Stored data entries:
● ● ● ●
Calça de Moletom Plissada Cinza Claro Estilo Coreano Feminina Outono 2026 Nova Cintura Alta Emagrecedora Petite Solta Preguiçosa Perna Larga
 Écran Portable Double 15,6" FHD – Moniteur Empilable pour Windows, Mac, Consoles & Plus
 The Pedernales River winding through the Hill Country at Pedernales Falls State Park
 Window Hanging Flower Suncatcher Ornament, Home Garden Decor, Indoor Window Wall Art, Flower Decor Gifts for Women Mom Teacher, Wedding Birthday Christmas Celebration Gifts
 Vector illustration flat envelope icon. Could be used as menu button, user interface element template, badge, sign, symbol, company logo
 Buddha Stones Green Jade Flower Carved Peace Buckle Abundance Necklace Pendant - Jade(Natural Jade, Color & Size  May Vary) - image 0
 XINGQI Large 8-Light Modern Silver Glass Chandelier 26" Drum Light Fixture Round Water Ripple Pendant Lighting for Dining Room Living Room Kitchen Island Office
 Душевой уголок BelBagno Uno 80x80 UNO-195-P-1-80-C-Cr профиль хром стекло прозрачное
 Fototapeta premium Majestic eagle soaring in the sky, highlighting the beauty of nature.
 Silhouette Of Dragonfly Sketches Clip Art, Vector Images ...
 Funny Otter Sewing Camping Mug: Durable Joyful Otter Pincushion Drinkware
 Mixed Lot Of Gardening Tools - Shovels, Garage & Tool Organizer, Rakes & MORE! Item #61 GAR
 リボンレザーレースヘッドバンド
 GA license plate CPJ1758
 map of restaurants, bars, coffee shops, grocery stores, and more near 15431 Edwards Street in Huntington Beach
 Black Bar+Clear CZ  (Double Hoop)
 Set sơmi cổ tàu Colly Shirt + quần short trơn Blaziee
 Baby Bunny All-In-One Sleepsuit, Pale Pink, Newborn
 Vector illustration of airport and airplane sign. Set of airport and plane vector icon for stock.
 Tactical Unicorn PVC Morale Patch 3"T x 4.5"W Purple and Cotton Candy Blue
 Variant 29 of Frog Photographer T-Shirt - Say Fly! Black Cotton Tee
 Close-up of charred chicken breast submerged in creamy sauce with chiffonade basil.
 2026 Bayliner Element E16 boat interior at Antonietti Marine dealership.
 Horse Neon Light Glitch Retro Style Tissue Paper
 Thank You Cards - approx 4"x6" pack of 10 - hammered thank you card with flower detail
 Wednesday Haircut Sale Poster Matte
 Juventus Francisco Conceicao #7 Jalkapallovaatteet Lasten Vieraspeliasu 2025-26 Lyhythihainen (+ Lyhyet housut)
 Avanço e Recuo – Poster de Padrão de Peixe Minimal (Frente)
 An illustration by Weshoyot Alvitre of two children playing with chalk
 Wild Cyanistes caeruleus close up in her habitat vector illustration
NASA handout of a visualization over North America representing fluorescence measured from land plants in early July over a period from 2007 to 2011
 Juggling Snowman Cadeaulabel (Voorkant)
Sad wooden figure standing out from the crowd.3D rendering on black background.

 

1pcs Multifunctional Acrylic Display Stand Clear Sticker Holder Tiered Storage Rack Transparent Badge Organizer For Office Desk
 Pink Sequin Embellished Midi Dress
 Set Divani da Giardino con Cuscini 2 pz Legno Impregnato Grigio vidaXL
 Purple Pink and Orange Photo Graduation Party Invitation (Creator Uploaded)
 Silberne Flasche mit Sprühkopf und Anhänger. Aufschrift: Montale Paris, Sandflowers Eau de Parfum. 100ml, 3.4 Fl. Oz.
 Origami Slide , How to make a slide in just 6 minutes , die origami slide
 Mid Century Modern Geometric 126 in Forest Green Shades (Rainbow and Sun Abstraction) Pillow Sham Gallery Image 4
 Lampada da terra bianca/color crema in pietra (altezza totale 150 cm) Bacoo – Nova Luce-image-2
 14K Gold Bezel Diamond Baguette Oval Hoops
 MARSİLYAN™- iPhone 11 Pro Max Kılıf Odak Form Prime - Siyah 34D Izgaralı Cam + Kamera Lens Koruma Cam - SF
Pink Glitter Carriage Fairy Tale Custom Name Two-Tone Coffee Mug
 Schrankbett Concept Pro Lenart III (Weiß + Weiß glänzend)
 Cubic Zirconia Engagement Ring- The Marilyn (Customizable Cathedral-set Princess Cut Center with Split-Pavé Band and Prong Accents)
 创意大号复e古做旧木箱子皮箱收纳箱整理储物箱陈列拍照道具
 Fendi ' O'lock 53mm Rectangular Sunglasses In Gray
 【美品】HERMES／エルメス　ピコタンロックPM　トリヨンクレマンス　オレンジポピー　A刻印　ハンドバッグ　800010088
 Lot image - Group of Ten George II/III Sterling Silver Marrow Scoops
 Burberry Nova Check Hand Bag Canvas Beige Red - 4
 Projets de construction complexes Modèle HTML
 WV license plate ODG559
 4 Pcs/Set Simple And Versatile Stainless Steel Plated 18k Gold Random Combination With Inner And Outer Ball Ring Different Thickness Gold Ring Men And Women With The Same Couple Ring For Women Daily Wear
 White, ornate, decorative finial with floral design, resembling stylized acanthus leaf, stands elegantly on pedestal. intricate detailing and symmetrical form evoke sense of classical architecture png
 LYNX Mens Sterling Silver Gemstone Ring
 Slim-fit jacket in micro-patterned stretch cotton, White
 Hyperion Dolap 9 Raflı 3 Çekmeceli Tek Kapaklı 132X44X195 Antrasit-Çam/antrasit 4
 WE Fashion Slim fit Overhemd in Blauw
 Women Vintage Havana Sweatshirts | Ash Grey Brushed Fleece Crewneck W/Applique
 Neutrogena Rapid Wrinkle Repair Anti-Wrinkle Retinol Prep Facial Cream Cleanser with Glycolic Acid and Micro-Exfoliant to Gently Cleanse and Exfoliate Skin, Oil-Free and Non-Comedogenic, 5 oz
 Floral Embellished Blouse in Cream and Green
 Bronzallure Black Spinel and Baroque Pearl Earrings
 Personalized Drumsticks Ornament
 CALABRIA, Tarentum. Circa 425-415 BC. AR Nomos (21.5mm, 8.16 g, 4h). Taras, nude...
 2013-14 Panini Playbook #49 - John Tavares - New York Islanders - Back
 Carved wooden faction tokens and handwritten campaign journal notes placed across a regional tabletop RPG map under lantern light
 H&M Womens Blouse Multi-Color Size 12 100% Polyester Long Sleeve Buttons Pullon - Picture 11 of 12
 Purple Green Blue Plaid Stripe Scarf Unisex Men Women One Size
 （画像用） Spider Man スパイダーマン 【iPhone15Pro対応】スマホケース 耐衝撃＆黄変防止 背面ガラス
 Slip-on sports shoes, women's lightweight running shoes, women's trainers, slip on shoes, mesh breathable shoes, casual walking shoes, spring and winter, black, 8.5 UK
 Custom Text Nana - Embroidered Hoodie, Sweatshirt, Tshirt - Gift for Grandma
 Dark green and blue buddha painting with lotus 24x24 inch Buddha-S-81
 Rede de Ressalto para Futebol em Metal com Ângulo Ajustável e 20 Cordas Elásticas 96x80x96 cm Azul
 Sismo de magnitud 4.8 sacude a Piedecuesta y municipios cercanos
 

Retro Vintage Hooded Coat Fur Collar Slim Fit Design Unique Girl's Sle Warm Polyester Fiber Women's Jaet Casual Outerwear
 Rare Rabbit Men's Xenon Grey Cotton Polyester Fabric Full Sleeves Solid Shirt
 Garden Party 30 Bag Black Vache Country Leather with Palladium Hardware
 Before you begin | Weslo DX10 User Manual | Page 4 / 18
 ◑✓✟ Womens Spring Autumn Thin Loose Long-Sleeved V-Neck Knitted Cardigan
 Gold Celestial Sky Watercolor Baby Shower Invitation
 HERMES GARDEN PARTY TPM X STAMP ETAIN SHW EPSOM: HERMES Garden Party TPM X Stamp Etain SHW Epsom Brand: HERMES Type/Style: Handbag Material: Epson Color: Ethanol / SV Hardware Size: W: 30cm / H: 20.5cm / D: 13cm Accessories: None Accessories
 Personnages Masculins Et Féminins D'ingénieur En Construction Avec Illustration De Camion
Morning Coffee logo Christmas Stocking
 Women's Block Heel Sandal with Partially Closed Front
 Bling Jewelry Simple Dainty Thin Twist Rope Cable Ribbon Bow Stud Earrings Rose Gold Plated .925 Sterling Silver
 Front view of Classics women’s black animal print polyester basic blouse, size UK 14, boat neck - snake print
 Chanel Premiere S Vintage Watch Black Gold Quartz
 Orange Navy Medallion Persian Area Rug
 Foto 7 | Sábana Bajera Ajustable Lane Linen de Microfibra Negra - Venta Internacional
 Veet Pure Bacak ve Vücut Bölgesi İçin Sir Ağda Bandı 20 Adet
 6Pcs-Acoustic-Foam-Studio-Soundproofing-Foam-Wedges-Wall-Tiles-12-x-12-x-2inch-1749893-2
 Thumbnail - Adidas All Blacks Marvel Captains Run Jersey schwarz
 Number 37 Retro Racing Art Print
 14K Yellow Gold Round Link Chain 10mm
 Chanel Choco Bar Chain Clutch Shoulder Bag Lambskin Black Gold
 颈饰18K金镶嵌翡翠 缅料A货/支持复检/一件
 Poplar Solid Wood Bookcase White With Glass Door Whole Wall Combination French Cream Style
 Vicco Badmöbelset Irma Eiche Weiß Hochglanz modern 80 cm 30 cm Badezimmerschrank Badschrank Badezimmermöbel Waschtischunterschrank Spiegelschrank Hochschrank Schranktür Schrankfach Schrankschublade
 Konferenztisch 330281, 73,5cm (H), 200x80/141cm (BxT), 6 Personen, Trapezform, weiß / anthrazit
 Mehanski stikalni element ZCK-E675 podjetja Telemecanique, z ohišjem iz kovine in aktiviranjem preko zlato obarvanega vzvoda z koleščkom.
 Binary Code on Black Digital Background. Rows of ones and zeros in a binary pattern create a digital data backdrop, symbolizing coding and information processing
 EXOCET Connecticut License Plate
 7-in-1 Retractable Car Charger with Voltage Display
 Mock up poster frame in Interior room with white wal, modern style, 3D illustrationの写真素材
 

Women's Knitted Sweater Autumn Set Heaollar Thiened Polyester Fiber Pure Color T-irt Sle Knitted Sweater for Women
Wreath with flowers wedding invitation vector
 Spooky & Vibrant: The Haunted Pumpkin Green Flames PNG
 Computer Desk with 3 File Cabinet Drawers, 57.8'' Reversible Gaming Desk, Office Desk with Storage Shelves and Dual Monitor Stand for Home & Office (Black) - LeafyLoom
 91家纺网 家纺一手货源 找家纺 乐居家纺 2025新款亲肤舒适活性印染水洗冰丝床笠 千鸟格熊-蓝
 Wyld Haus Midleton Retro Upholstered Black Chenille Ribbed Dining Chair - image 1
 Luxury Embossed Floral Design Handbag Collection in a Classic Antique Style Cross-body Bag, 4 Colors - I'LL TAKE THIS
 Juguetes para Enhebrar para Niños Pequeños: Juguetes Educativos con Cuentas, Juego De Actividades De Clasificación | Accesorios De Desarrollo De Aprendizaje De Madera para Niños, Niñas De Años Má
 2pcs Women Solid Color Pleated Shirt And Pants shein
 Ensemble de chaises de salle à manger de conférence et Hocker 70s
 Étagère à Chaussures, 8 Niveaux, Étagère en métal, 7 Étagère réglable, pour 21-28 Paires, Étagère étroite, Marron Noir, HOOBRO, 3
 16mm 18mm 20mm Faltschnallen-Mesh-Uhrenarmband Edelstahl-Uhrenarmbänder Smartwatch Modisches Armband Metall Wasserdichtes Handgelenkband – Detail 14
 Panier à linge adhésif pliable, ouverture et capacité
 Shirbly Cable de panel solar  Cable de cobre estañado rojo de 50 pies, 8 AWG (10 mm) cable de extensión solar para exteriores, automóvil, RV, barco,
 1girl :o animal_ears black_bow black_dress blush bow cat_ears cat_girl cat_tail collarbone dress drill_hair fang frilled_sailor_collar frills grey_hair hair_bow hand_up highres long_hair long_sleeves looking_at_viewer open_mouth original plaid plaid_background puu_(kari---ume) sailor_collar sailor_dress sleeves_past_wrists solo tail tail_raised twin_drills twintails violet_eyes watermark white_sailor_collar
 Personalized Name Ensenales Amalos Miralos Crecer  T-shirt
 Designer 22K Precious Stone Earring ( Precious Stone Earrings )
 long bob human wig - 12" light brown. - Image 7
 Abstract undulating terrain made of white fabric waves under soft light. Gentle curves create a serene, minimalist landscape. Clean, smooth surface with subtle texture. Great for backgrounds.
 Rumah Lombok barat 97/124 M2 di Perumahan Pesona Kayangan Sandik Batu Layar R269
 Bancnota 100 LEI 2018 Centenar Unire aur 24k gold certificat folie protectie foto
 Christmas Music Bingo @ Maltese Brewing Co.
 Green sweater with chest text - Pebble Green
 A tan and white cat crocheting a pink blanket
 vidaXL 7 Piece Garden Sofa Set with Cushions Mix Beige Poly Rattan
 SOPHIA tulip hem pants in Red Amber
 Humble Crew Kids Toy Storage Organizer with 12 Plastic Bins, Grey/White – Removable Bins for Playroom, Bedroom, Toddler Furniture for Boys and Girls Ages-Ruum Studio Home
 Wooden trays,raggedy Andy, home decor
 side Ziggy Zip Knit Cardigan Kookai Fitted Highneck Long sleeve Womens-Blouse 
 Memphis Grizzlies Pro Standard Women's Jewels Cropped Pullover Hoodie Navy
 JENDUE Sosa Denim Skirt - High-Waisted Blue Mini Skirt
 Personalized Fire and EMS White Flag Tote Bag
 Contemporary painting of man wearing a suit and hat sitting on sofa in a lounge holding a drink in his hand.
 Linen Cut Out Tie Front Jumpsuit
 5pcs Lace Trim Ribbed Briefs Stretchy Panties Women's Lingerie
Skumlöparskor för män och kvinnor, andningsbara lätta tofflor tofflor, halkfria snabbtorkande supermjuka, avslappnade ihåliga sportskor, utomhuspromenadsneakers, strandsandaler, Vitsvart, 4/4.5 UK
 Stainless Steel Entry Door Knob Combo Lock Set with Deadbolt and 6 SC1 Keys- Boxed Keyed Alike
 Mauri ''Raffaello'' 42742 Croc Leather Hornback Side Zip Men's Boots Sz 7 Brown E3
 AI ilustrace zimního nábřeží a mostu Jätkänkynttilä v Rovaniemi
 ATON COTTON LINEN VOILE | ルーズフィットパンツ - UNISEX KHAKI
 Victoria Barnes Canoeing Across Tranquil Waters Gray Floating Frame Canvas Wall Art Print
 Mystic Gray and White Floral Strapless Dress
● ● ● ●
Task details:
Please return each line of the data above in which the word "Front" occurs.

Response for this exercise:
 Women's Block Heel Sandal with Partially Closed Front
 Front view of Classics women’s black animal print polyester basic blouse, size UK 14, boat neck - snake print
 Linen Cut Out Tie Front Jumpsuit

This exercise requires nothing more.